How to complete this task ▸
Retype the whole listing verbatim and keep the pictures out of it.

*** Given material Section Begins ***

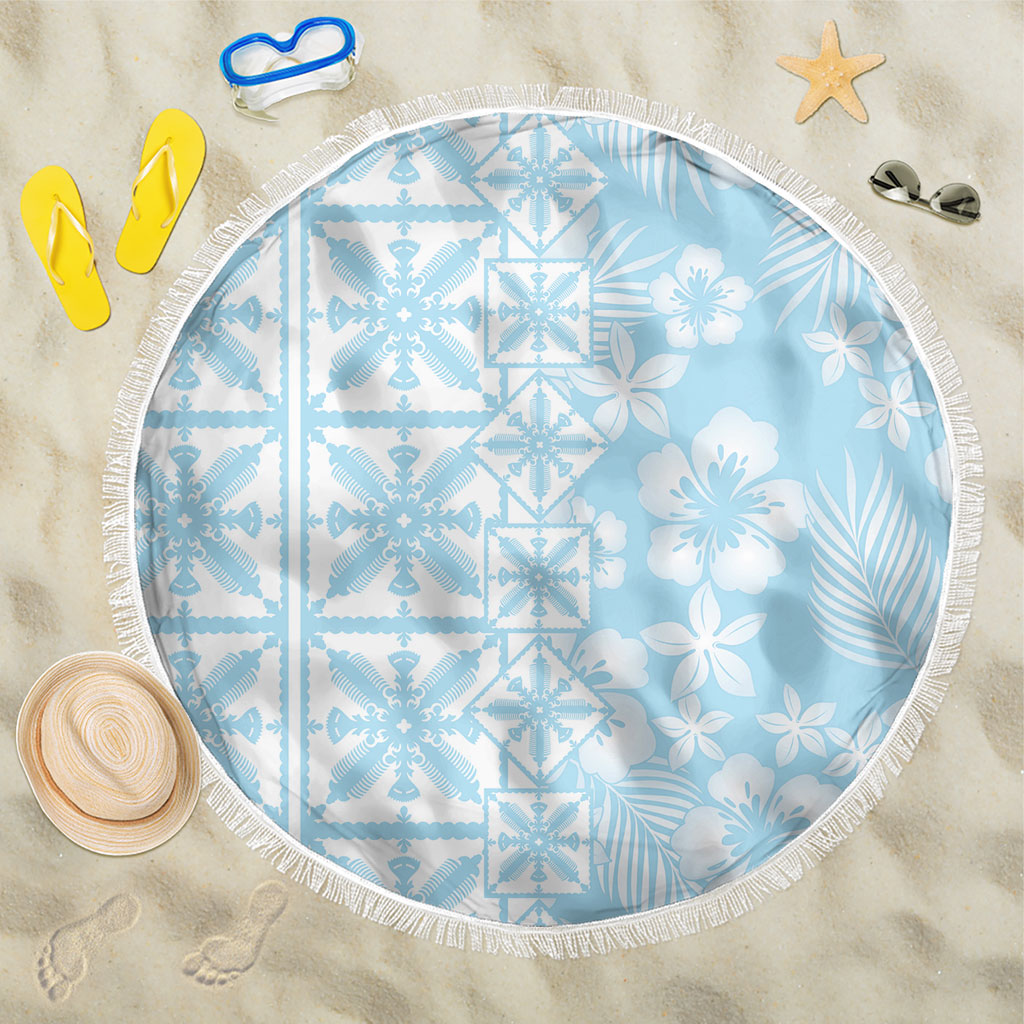 Pastel Blue Kahili Quilt Hawaii Beach Blanket Tropical Flower Seamless Half Style LT14 One Size 150cm Blue - Polynesian Pride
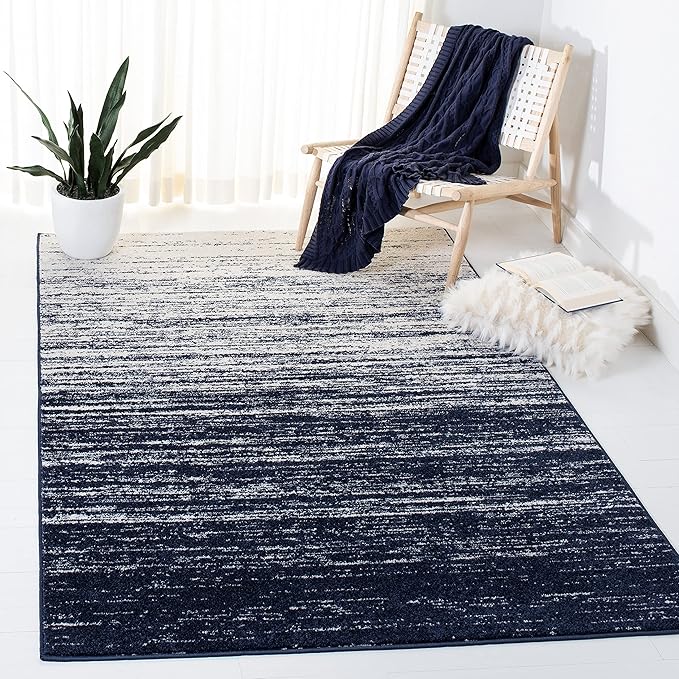SAFAVIEH Area Rug 6x9 - Adirondack Collection - Navy & Ivory, Modern Ombre Design, Non Shedding & Easy to Clean, Ideal for Living Room, Bedroom, Office, Dining Space (ADR113N)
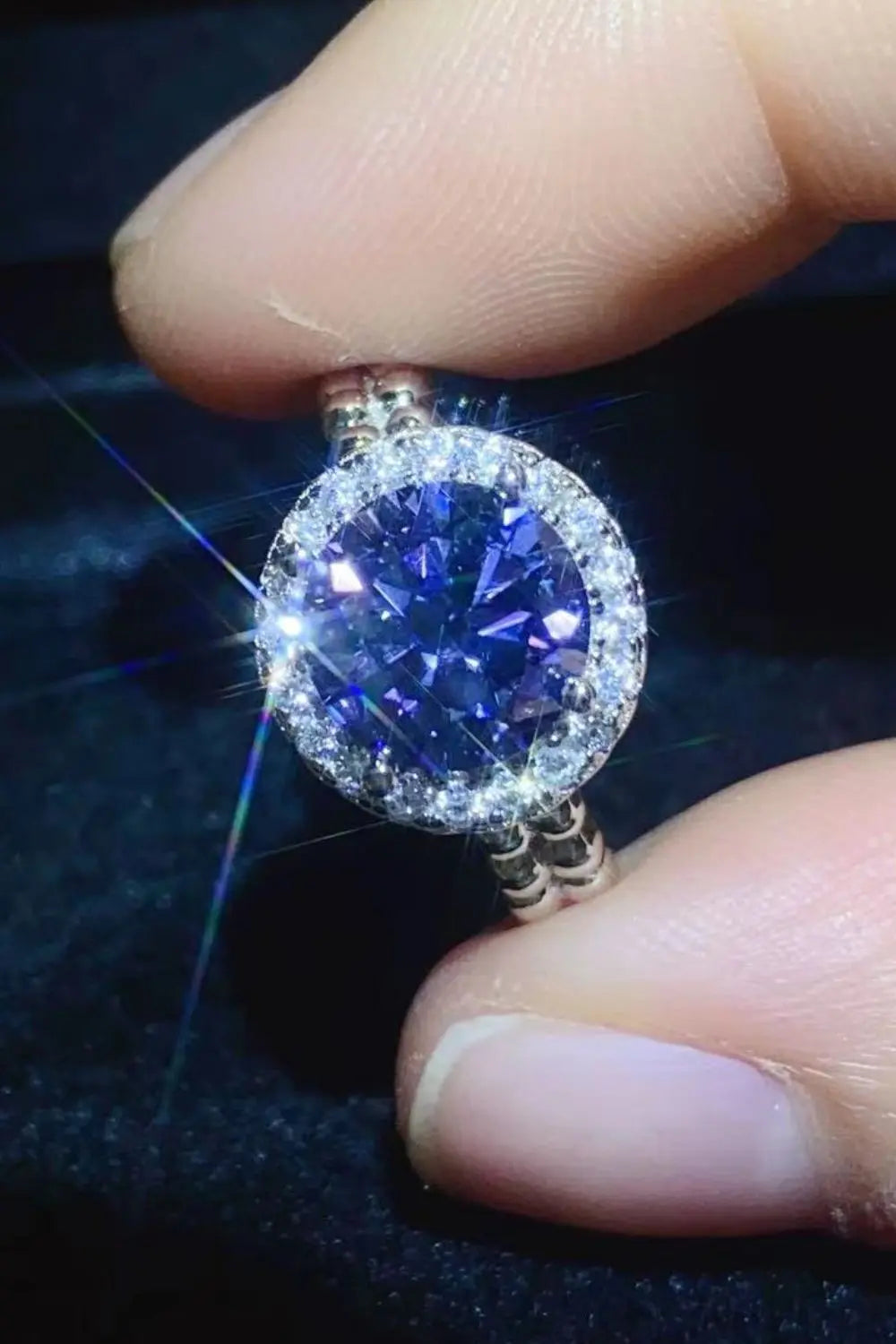 Lovcia Let It Go 2 Carat Moissanite Ring-Rings-Royal Blue-5-Royal Blue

*** Given material Section Ends ***

Response area ▸
 Pastel Blue Kahili Quilt Hawaii Beach Blanket Tropical Flower Seamless Half Style LT14 One Size 150cm Blue - Polynesian Pride
SAFAVIEH Area Rug 6x9 - Adirondack Collection - Navy & Ivory, Modern Ombre Design, Non Shedding & Easy to Clean, Ideal for Living Room, Bedroom, Office, Dining Space (ADR113N)
 Lovcia Let It Go 2 Carat Moissanite Ring-Rings-Royal Blue-5-Royal Blue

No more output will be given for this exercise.